╔══

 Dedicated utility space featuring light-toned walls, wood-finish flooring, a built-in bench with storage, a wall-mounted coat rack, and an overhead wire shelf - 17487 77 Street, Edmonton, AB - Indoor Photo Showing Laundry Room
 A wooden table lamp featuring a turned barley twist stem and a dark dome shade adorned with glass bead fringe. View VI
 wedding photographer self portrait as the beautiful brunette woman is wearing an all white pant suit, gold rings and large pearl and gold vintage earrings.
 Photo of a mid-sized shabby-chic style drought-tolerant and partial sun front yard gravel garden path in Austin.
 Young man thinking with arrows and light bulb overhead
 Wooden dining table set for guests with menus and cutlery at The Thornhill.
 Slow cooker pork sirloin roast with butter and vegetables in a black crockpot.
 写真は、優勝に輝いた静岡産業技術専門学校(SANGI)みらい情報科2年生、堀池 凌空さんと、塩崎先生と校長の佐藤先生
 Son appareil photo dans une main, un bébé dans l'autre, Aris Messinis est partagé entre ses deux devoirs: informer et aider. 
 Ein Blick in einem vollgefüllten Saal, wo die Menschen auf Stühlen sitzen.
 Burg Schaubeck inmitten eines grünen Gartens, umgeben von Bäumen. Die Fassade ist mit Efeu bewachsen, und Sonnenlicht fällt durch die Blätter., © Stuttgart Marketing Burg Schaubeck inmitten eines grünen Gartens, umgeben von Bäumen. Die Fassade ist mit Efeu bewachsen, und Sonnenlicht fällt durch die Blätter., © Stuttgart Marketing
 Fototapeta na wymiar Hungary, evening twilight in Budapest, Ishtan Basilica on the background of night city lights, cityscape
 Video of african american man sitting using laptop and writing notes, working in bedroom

╚══

INSTRUCTIONS TO FOLLOW = Copy, word for word, the line that contains "Stuttgart Marketing Burg" and every line after it through the end of the records, and nothing else.

WRITTEN ANSWER =
 Burg Schaubeck inmitten eines grünen Gartens, umgeben von Bäumen. Die Fassade ist mit Efeu bewachsen, und Sonnenlicht fällt durch die Blätter., © Stuttgart Marketing Burg Schaubeck inmitten eines grünen Gartens, umgeben von Bäumen. Die Fassade ist mit Efeu bewachsen, und Sonnenlicht fällt durch die Blätter., © Stuttgart Marketing
 Fototapeta na wymiar Hungary, evening twilight in Budapest, Ishtan Basilica on the background of night city lights, cityscape
 Video of african american man sitting using laptop and writing notes, working in bedroom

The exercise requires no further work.